[Stored records]
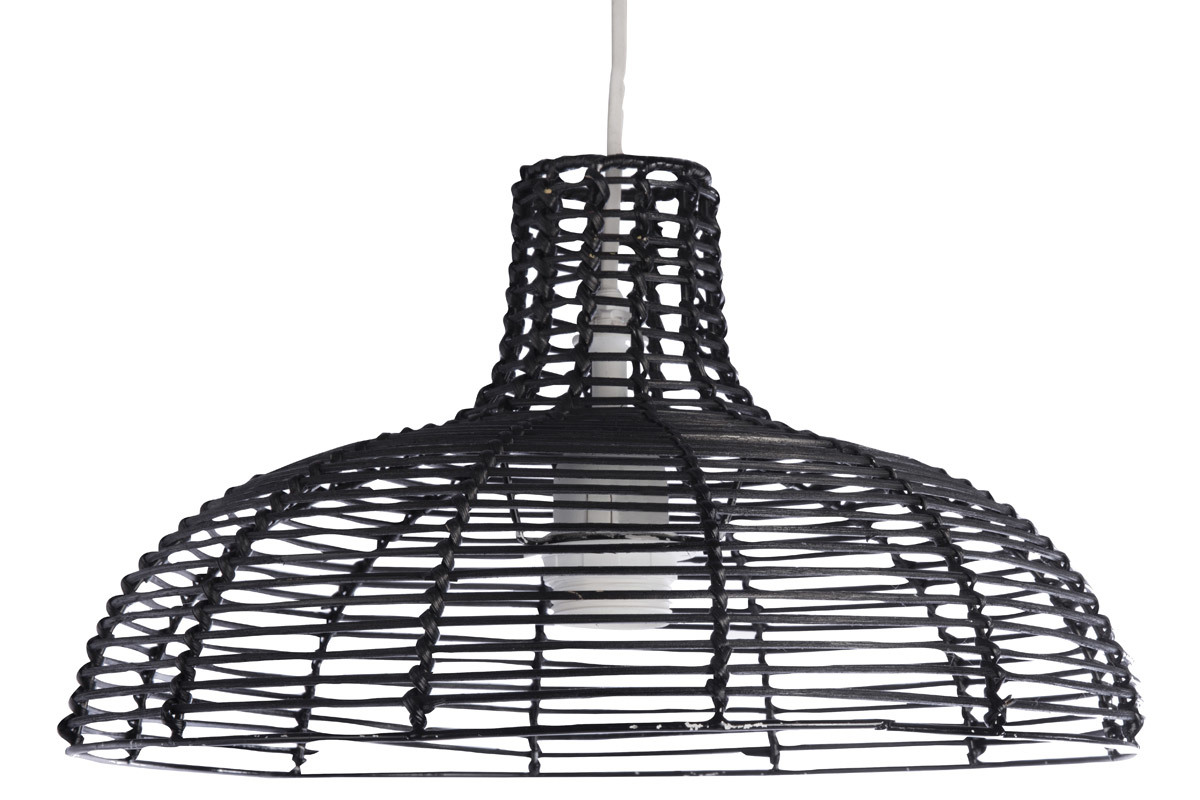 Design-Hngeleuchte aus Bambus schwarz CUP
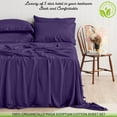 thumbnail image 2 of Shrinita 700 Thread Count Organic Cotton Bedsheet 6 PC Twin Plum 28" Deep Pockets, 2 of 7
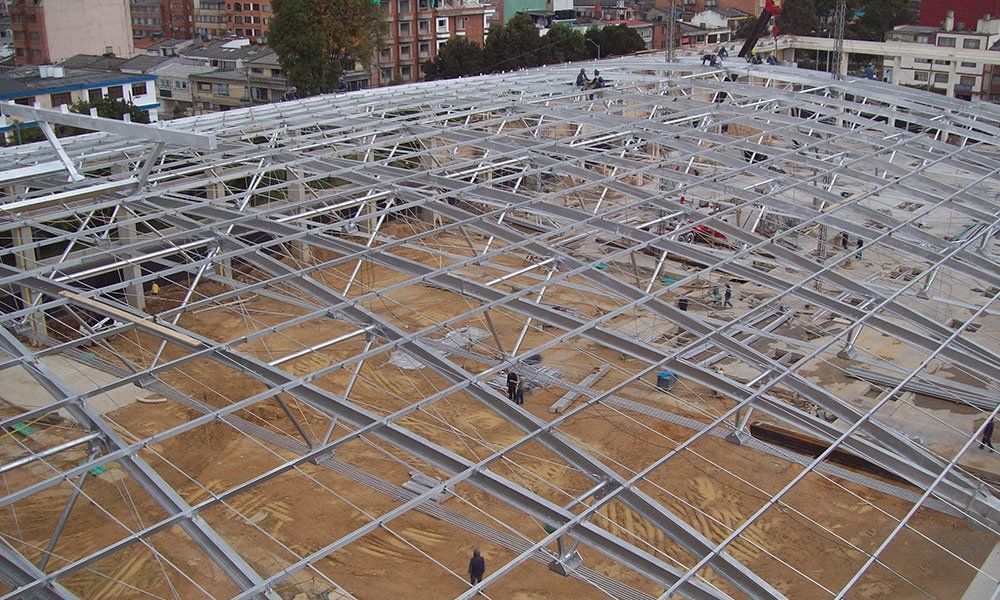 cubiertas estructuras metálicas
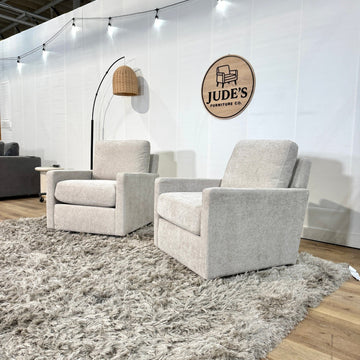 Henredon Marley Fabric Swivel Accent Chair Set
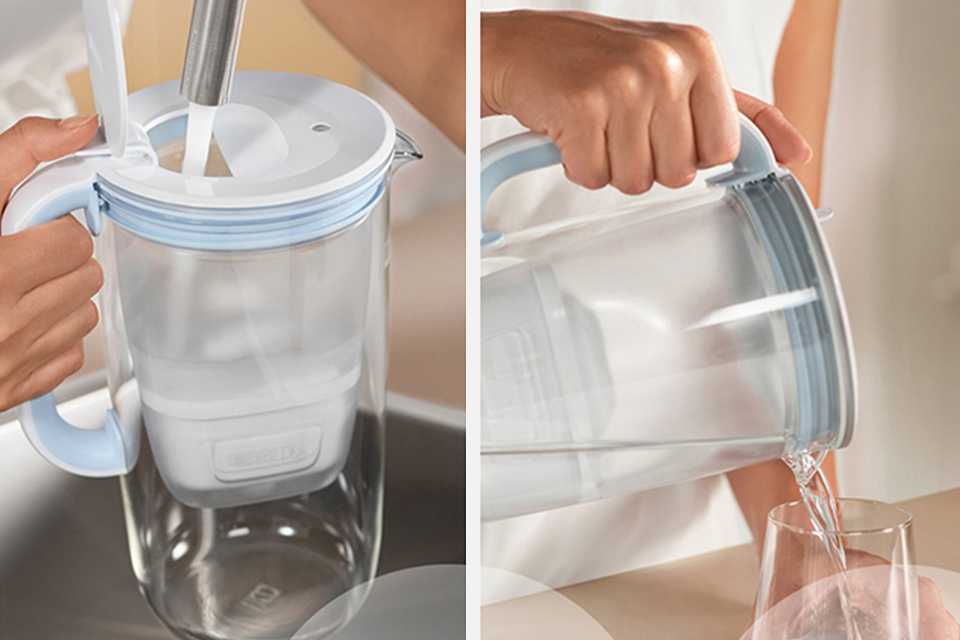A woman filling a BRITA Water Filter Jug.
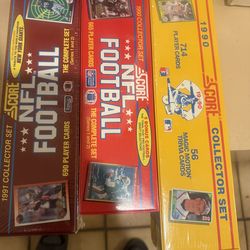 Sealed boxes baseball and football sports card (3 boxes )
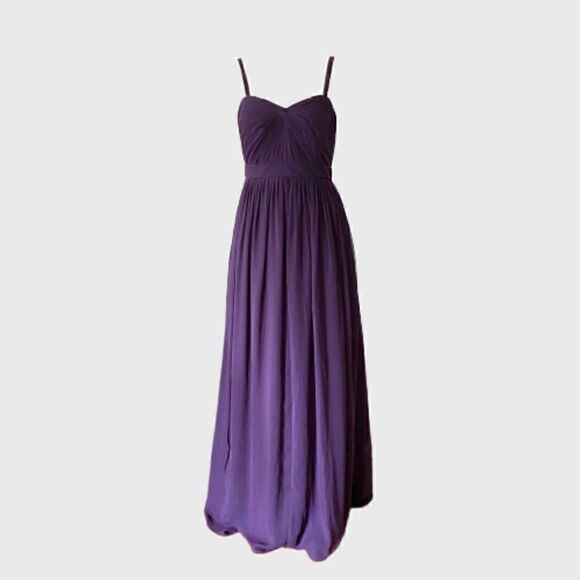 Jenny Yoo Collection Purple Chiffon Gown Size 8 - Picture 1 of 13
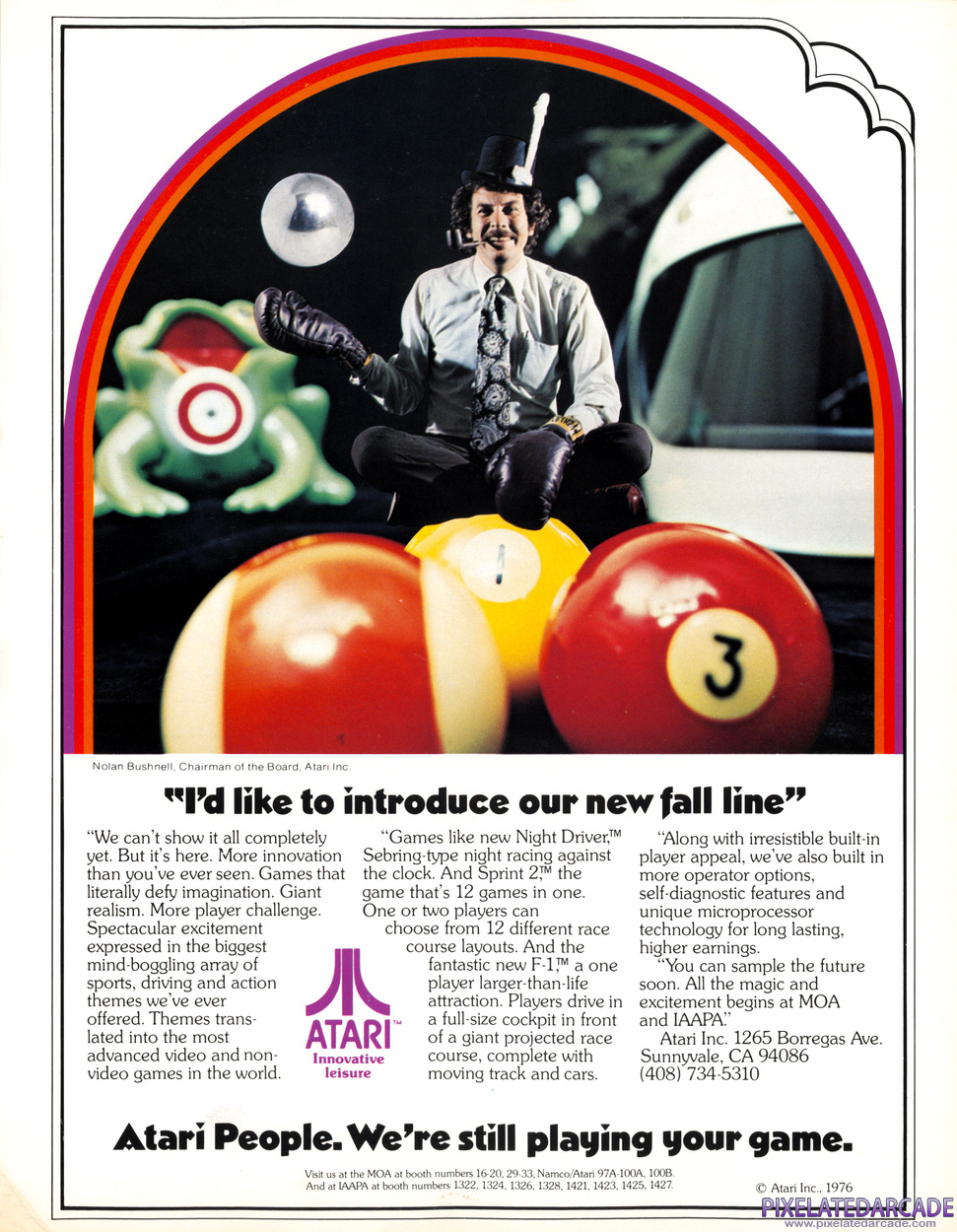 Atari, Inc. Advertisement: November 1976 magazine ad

[PROBLEM STATEMENT] All of the data needs repeating exactly, but the pictures do not.

[SOLUTION TO THE PROBLEM]
 Design-Hngeleuchte aus Bambus schwarz CUP
 thumbnail image 2 of Shrinita 700 Thread Count Organic Cotton Bedsheet 6 PC Twin Plum 28" Deep Pockets, 2 of 7
 cubiertas estructuras metálicas
 Henredon Marley Fabric Swivel Accent Chair Set
A woman filling a BRITA Water Filter Jug.
 Sealed boxes baseball and football sports card (3 boxes )
 Jenny Yoo Collection Purple Chiffon Gown Size 8 - Picture 1 of 13
 Atari, Inc. Advertisement: November 1976 magazine ad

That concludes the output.